Simon Glass


Isaiah 24:1-12, 2015

In the suite “Isaiah 24:1-12”, twelve 22” x 44” giclee print collages each show one of its twelve verses composed with contemporary Hebrew typographies. Each verse is superimposed upon an Israeli/Palestinian desert landscape and a diagram showing part of the Hubble telescope. The collages are accompanied by an annotated translation into English.

Translation of the Hebrew biblical verb into English often generates uncertainty. Past, present and future tenses are frequently conflated in these verbs, and aspect – whether an action is completed or ongoing – often remains even more in question. In his biblical prophecies Isaiah censured his compatriots for their greed, corruption, intemperance, and transgressions of the law and warned of an impending doom. We may look back at the devastation foretold by the prophet Isaiah in extorting compliance from the people, and ask whether or not it endures today.
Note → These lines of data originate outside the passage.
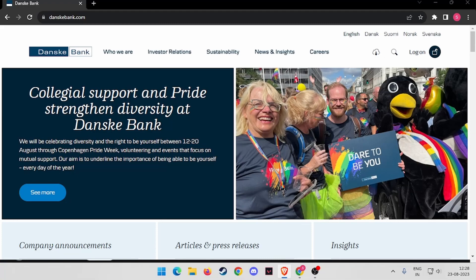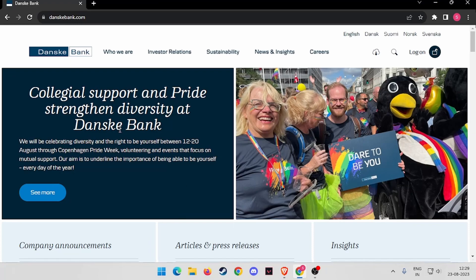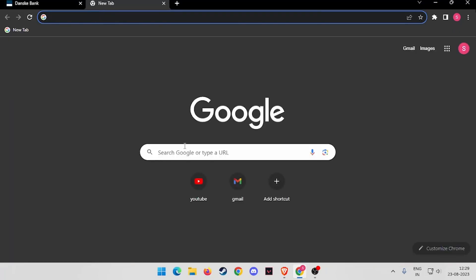Hello and welcome back to my channel. In today's video, I will show you how to log into Dansk Bank online banking account. For that, you have to open your browser and search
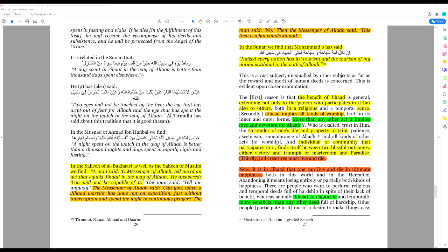Surrender of one's life and property to Him. An individual or community that participates in it finds itself between two blissful outcomes, either victory and triumph, or martyrdom and paradise.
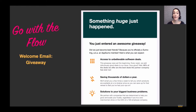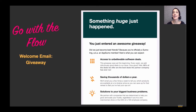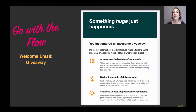If you came in from a giveaway, the email says 'something huge just happened — you just entered an awesome giveaway,' and the first bullet point is access to unbelievable software deals. Because clearly, if you're entering a giveaway, you're interested in getting something for free — you're interested in the discount and obtaining a product. So it says 'this giveaway was just the beginning; every week we're going to send you incredibly good deals on software.'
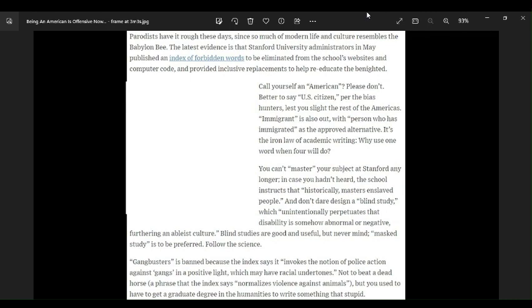But you used to have to get a graduate degree in the humanities to write something that's stupid. You got that right. Those last four words, write something that's stupid, you got that right. That's pretty much what this whole article is. This is fucking stupid, and it pretty much proves that Stanford University is full of it.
Much of Israel/Palestine is covered by desert. As in any landscape, the horizon represents not only the end of what we can see, but also the beginning of what we cannot see. Every political reality evolves unceasingly on both sides of the horizon, both knowable and unknowable.

The Hubble telescope, in orbit above the earth, captures images of stars and galaxies at extreme distances. The light of these distant stars and galaxies may have traveled for millenia or eons. By the time we are able to see them, they may already be extinguished.

The unknowability of history is echoed in the unknowabilities of the present and the future.